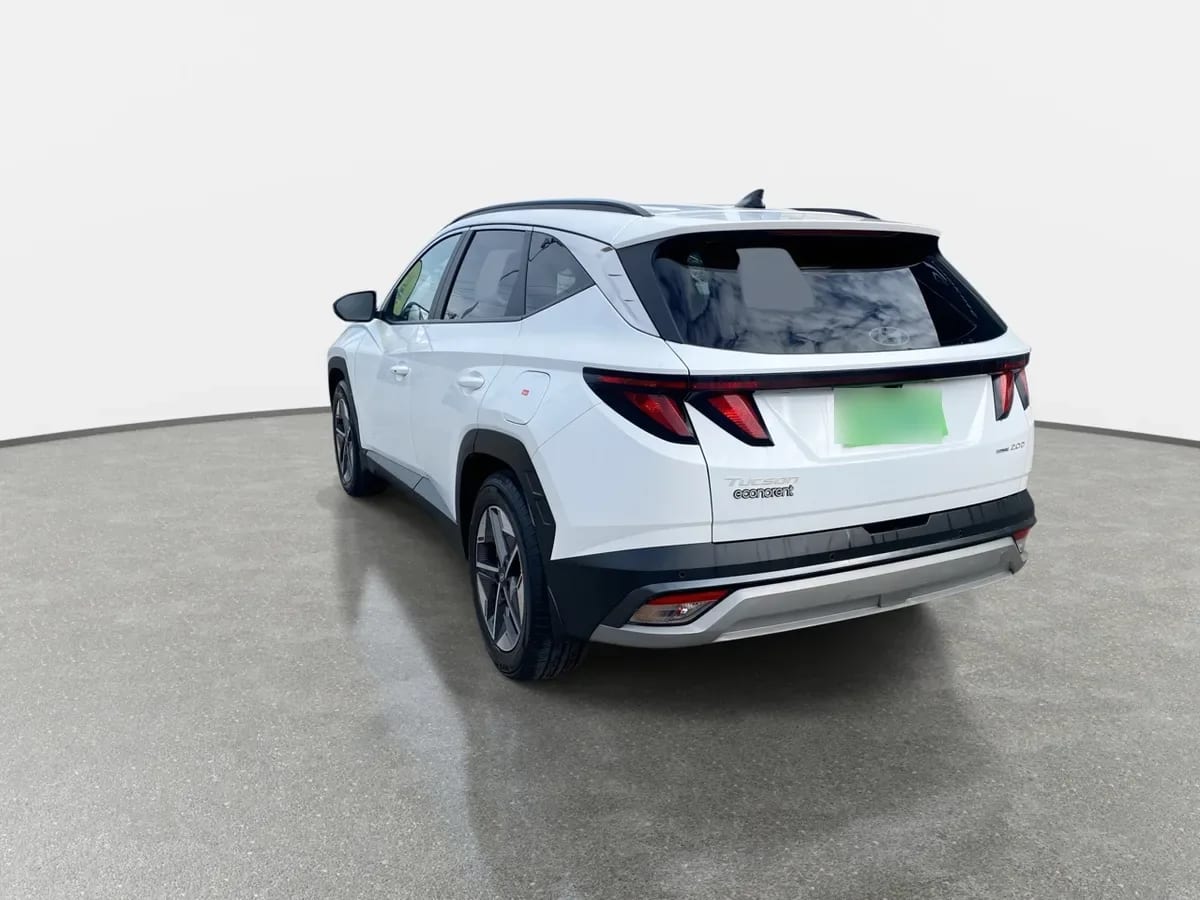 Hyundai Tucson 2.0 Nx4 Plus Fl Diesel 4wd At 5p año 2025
━━━━━━━━━━━━━━━━━━━━━━━━━━━━━━
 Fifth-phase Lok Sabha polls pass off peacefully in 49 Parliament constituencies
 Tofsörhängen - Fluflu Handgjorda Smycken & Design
━━━━━━━━━━━━━━━━━━━━━━━━━━━━━━
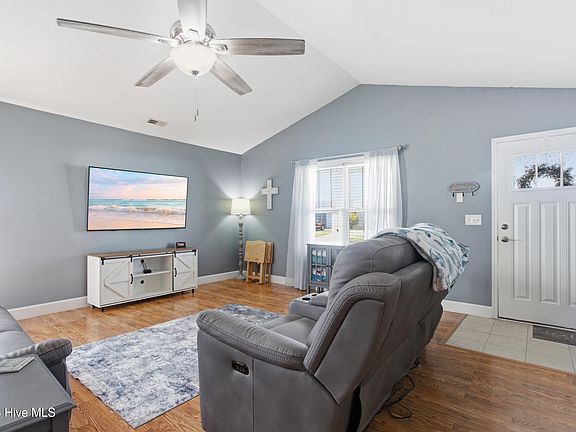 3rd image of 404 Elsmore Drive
━━━━━━━━━━━━━━━━━━━━━━━━━━━━━━
Taking the line with "Fifth-phase Lok Sabha" as the first and the line with "Tofsörhängen - Fluflu" as the last, retype that stretch of the data above exactly, with no other lines.

RESULT OF THE EXERCISE:
 Fifth-phase Lok Sabha polls pass off peacefully in 49 Parliament constituencies
 Tofsörhängen - Fluflu Handgjorda Smycken & Design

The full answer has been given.